Mobile network newcomer 2degrees is urging the Government to move quickly to adopt the Commerce Commission's recommendation for controls on the prices mobile phone companies charge competitors to connect to their networks.
In a reconsideration report issued today, the commission recommended that Communications Minister Steven Joyce regulate mobile termination access services, and not accept undertakings from Telecom and Vodafone.
Today's move confirmed the commission's preliminary view in a draft reconsideration report issued last month.
Mobile termination prices are the wholesale charges mobile phone companies charge for terminating calls or texts from other fixed or mobile networks.
Bill McCabe, 2degrees' chief operation officer, said the recommendation was a positive prelude to real improvements in mobile call rates.
"We won't see change until this decision is accepted by the minister and the price-setting process is concluded," he said.
He was worried Vodafone still had plenty of opportunity "to stall the process", so 2degrees was hoping for a quick decision and a fast process.
Labour communications spokeswoman Clare Curran said the minister needed to act swiftly to regulate so the industry and consumers could move forward with certainty.
"The Commerce Commission has accepted that gaming behaviour by big telcos in the market represents a barrier to expansion by a new entrant," she said.

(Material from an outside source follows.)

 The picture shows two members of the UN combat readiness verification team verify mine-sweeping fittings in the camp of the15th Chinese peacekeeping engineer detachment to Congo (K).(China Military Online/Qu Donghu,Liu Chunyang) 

Mr Joyce said he was inviting written submissions on the commission's recommendation, with submissions due by June 29 and cross submissions by July 6.
The commission had changed the position it took in February that the Government should accept undertakings from Telecom and Vodafone as an alternative to regulation.
It reconsidered its position after Vodafone launched a new Talk Add-on product in April offering up to 200 minutes to Vodafone New Zealand mobiles and landlines for $12 a month for certain pre-pay plans.
After Vodafone launched that product, Mr Joyce asked the commission to reconsider its earlier recommendation that Telecom and Vodafone's final undertakings should be accepted.
Releasing its preliminary view in May, the commission said that in light of the Talk Add-on plan, the mobile termination rates contained in the final undertakings offered by Vodafone and Telecom would not address its concerns about competition.
Today, telecommunications commissioner Ross Patterson said the commission considered that cost-based mobile termination rates, when compared to the offers in the undertakings, would better promote competition in the mobile market and would be in the best long-term interests of end-users.
"While a plan like Vodafone's Talk Add-on, which has now been withdrawn, might provide short term benefits to consumers on larger networks, in the commission's view, such plans are likely to result in longer term detrimental effects on competition in the mobile services market," Dr Patterson said.
"In the long term, the commission expects that its recommendation of regulation will ensure that all mobile users will benefit from greater competition, which is expected to result in access to more competitive prices and services."
Faced with plans such as Talk Add-on, with its low on-net tariff, a small entrant paying the wholesale mobile termination rates contained in the undertakings would be likely to incur significant losses and therefore be unable to compete against the large networks, Dr Patterson said.